Monday Static
Toward the end of the day today I felt some of the anger-buzz of apathy and irritation. It feels close to when I'm feeling how unfair much of what has happened is. It isn't as though working out the dynamic of a new relationship isn't already difficult. So things are hard already, but we also have the potential for past acts by selfish people to trigger intense responses.
It has felt a little hard for me today in some respects. On one hand, I have enjoyed the relative quiet of the day. AM and I went over to Seven Virtues, a coffee shop he's went to with a friend a couple of times, this morning since I had no meetings. We sat with our laptops, AM reading while I answered emails, set up some meetings, and got my week started. I got into my meetings a little later in the day and worked on some unexpected problems that didn't make a lot of sense -- ended up rebuilding somethings over again.

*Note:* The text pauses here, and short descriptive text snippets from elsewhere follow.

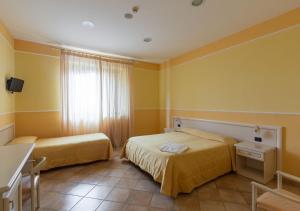 A bed or beds in a room at Hotel Borgo in Irpinia - L'Angolo Verde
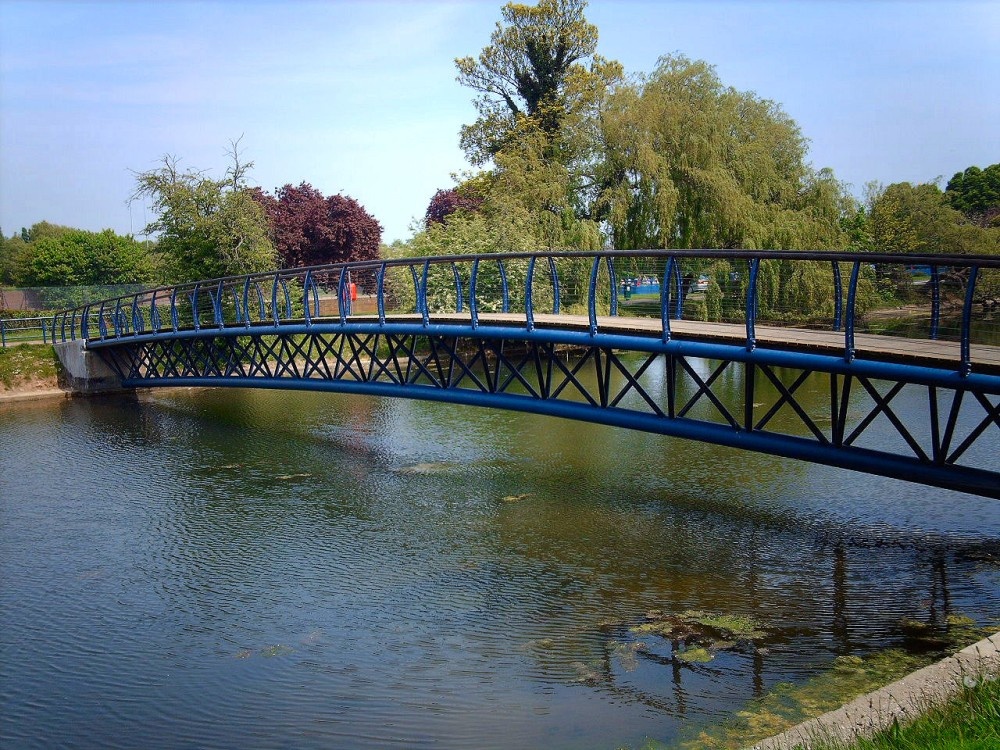 Photograph of The bridge at Hilsea Moat. Taken:  12th May 2006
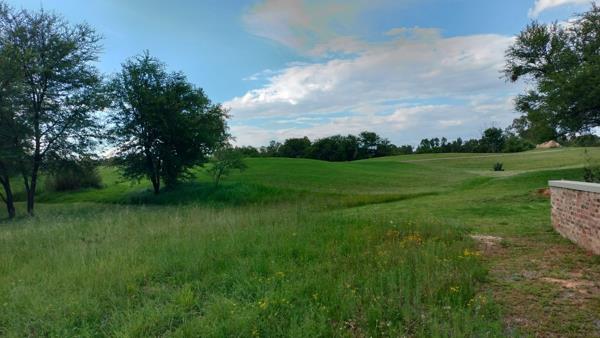 600 m² Land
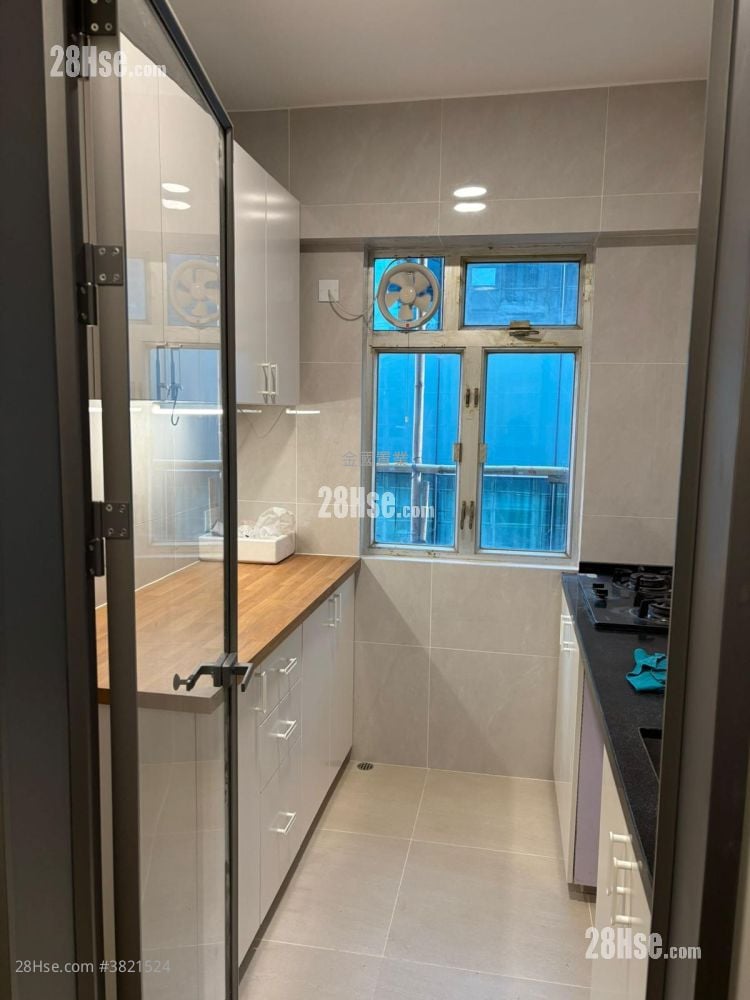 Yiu Kei Mansion Rental 4 Bedrooms , 2 Bathrooms 800 ft²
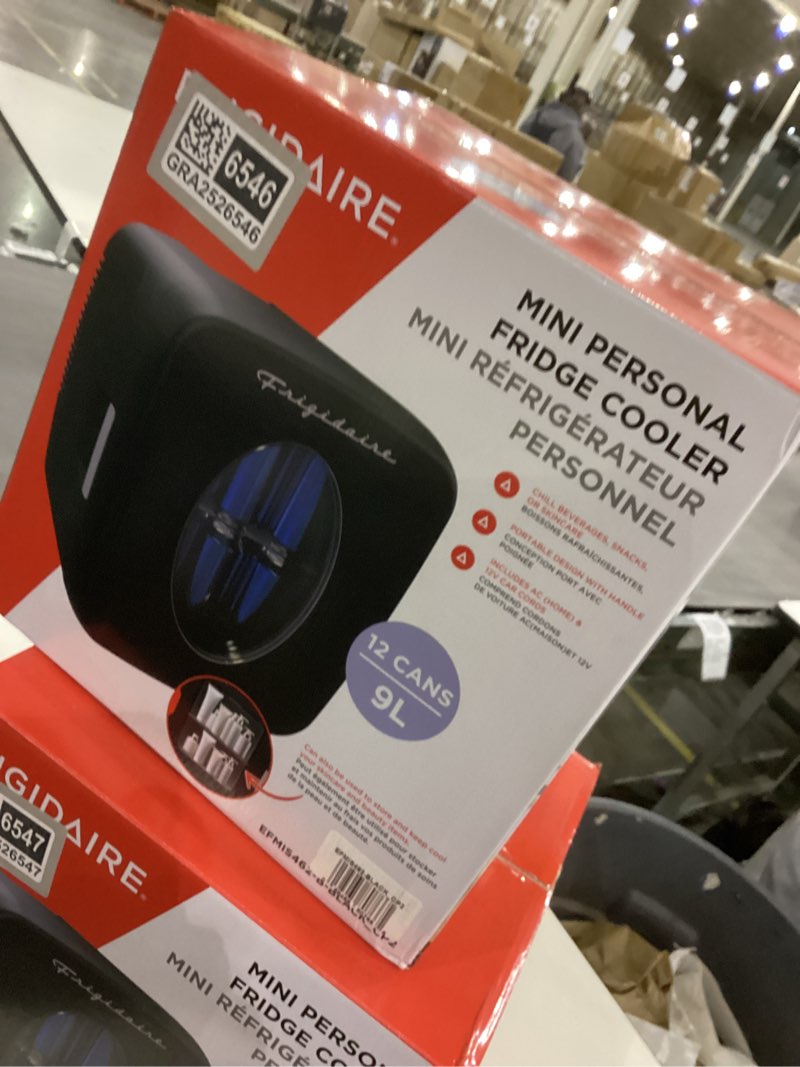 Mini personal fridge cooler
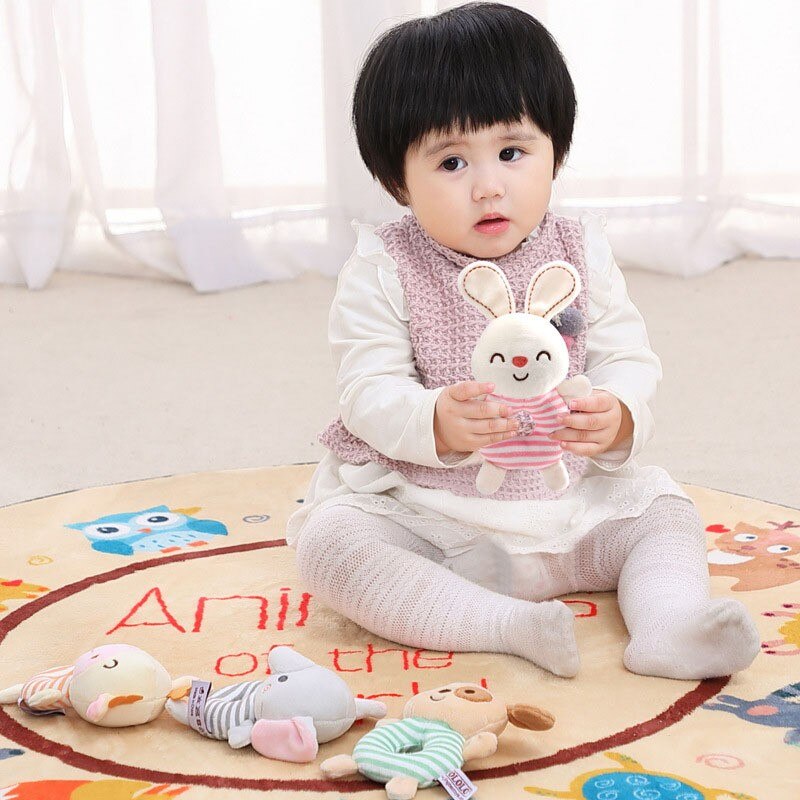 Creative Round Hand Cranked Baby O Shaped Rattle Lovely Cartoon Plush Rattle Toys Soft Hand Bell Recycle Baby Toys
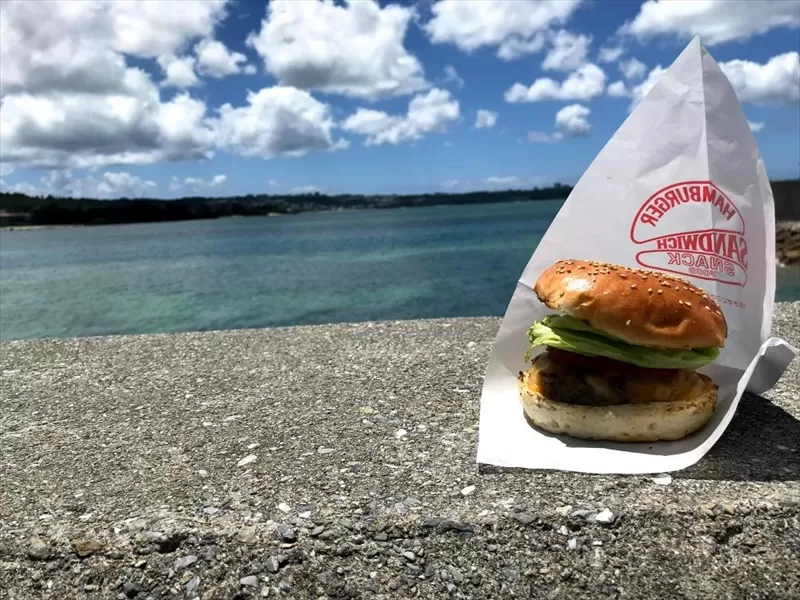海とハンバーガー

What has been difficult, besides the anger-static, has been feeling separated from CK. It was such a challenging weekend and I was feeling so vulnerable, exposed emotionally that to switch gears has felt a little rough. I was aware of the sensitive way my emotions felt when she left for her flat last night -- that switch having that feel of skin pulling away from a hot car seat.
A part of it didn't feel like it fit right. It seemed like we should be going back to bed, resting together in some of the space created by all our hard work. Instead she went to her flat and I went upstairs, took a melatonin, got my iBook and wrote for a while as I sat next to AM downstairs. It was one of those times when I resent the transition back to the work week, sometimes it just feels so rough.